**TASK DIRECTIONS:** Beneath this line are the data; copy exactly the part of them that opens with the line containing "Adri�n Lorenzo inaugur�" and closes with the line containing "Huawei Y9 Prime", and only that part.

[Start of section]

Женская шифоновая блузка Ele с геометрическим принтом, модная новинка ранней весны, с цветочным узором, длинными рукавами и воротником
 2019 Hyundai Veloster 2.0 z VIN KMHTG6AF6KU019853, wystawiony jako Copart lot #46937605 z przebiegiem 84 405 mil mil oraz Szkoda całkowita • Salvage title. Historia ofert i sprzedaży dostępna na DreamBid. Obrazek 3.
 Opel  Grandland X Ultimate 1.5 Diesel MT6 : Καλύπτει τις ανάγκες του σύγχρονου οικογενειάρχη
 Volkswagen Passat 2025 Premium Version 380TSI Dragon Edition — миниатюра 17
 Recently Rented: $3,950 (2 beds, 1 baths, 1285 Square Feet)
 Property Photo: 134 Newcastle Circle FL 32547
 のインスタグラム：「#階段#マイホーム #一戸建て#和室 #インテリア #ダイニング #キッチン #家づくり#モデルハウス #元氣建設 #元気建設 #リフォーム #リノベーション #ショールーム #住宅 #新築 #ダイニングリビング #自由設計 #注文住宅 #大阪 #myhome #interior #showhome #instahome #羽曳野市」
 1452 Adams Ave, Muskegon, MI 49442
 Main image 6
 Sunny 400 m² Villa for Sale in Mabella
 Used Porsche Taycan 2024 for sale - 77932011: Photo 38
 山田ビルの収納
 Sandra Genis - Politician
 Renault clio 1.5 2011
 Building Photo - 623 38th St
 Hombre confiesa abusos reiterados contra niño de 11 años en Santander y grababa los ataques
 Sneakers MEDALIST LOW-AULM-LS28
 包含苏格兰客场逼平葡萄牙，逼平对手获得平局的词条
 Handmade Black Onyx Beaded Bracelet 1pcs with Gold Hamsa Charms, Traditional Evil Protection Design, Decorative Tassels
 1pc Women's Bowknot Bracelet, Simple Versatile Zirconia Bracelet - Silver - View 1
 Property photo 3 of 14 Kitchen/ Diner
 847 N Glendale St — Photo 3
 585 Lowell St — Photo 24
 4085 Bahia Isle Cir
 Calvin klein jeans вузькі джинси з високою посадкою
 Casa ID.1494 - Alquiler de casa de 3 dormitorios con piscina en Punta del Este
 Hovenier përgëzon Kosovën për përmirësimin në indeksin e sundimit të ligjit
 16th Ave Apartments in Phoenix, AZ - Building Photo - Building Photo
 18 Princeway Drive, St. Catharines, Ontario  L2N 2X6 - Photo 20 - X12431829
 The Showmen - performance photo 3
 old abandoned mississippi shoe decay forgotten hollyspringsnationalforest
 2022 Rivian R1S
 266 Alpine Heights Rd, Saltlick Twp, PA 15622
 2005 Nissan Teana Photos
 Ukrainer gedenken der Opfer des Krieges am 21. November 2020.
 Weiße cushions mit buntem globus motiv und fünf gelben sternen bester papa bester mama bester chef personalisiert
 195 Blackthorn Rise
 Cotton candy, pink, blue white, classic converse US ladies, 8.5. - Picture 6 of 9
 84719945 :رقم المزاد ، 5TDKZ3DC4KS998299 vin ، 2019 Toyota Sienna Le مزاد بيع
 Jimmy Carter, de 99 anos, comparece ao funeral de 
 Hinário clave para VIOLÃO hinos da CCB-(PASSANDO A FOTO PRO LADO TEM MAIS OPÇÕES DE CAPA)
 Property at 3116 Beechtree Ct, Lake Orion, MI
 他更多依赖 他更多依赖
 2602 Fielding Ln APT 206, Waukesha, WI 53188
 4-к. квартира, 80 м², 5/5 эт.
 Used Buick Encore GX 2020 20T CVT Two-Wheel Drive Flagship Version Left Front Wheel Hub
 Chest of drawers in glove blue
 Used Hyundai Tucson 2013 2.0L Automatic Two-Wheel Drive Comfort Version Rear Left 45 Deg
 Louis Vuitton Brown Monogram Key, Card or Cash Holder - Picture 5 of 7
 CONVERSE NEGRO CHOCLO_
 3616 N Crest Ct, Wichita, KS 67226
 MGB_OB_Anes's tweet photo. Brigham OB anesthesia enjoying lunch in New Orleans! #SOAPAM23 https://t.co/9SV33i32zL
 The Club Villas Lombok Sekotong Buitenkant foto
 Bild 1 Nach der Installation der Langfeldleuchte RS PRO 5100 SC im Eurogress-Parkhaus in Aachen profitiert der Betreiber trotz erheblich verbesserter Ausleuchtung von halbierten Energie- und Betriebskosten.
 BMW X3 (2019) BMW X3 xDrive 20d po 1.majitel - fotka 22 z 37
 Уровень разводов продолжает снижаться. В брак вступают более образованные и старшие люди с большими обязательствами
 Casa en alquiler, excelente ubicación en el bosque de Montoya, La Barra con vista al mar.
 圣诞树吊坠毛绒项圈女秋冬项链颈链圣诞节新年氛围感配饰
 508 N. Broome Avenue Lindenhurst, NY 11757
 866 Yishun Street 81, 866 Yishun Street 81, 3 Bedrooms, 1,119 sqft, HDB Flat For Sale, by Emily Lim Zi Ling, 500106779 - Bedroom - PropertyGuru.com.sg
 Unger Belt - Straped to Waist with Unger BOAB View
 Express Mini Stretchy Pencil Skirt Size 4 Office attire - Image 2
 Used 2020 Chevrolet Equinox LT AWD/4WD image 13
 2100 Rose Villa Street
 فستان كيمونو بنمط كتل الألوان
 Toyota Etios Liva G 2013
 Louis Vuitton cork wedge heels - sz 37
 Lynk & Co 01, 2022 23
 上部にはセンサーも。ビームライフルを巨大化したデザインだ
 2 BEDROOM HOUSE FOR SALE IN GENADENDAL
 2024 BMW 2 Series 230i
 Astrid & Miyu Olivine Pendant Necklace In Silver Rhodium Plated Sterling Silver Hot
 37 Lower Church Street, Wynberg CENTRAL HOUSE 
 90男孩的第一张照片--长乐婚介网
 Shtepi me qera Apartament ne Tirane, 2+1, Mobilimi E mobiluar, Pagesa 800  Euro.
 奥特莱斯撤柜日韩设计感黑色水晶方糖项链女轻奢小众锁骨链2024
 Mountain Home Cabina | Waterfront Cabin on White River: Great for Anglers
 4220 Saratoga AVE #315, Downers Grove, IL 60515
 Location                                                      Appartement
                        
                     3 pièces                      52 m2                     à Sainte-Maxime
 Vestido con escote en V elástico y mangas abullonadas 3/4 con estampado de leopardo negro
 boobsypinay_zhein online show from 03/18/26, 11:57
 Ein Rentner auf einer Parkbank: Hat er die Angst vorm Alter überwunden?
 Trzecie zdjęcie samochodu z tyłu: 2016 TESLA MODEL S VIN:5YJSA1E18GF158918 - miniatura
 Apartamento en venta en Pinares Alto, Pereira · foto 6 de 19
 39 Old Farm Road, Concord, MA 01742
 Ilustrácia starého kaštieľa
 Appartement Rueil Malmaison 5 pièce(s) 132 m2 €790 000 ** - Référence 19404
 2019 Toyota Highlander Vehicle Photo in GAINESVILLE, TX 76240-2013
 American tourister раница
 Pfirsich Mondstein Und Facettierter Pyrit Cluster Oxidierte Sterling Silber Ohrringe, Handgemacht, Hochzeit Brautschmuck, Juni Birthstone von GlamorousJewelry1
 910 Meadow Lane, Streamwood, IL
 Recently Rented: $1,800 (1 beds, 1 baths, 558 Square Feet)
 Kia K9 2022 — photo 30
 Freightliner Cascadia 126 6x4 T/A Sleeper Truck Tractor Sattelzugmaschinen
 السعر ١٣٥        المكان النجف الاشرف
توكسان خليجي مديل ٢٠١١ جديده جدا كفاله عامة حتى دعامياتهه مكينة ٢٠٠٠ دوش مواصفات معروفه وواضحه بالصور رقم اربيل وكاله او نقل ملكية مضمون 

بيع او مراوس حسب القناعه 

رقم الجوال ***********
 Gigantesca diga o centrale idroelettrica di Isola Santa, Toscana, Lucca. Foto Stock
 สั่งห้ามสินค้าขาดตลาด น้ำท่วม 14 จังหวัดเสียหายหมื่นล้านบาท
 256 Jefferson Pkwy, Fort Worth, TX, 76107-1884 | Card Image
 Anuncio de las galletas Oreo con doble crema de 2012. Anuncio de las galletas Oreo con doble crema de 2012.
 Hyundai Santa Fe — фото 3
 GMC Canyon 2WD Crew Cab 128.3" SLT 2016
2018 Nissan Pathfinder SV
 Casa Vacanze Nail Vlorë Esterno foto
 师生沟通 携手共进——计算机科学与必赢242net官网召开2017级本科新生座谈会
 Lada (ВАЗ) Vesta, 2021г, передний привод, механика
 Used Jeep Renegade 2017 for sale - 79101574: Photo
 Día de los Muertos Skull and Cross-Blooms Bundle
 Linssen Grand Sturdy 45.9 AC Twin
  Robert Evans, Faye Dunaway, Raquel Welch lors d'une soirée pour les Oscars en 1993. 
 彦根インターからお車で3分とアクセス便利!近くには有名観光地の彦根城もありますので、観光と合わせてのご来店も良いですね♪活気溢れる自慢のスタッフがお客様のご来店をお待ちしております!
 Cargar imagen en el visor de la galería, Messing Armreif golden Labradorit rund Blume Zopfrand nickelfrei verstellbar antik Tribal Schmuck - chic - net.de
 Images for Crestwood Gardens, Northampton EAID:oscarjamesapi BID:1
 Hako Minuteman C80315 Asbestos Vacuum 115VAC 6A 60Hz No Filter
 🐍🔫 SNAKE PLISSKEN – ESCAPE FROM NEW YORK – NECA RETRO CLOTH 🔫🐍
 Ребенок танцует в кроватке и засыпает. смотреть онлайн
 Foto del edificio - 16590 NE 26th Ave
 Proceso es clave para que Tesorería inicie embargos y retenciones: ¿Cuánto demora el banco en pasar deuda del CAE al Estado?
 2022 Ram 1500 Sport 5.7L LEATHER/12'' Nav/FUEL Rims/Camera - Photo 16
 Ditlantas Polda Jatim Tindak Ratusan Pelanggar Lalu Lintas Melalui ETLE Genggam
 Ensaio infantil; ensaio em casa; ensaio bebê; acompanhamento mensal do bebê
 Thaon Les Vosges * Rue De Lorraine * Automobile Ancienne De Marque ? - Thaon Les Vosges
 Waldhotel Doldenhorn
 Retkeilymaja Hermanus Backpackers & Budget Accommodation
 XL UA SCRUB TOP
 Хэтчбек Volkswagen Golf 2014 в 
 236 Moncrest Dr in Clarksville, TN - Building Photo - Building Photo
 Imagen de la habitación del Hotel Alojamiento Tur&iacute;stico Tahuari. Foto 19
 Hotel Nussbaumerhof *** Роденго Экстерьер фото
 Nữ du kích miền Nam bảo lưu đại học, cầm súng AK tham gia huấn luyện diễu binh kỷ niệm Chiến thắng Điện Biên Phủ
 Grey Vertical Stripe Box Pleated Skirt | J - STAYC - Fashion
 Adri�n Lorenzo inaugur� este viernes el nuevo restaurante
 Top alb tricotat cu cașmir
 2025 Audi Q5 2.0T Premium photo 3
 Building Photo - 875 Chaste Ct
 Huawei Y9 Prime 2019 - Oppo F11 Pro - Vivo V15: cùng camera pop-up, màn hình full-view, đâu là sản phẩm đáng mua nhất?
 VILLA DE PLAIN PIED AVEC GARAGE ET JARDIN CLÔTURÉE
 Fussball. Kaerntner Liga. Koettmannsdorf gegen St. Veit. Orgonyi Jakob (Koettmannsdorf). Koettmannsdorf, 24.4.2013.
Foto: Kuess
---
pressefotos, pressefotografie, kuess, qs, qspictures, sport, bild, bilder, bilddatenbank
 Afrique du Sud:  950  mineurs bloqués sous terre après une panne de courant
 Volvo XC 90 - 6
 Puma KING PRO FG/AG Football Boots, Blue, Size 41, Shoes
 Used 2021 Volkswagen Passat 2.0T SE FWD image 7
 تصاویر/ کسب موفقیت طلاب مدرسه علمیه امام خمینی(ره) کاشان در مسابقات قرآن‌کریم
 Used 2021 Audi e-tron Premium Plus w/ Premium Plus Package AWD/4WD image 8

[End of section]

**EXERCISE OUTPUT:**
 Adri�n Lorenzo inaugur� este viernes el nuevo restaurante
 Top alb tricotat cu cașmir
 2025 Audi Q5 2.0T Premium photo 3
 Building Photo - 875 Chaste Ct
 Huawei Y9 Prime 2019 - Oppo F11 Pro - Vivo V15: cùng camera pop-up, màn hình full-view, đâu là sản phẩm đáng mua nhất?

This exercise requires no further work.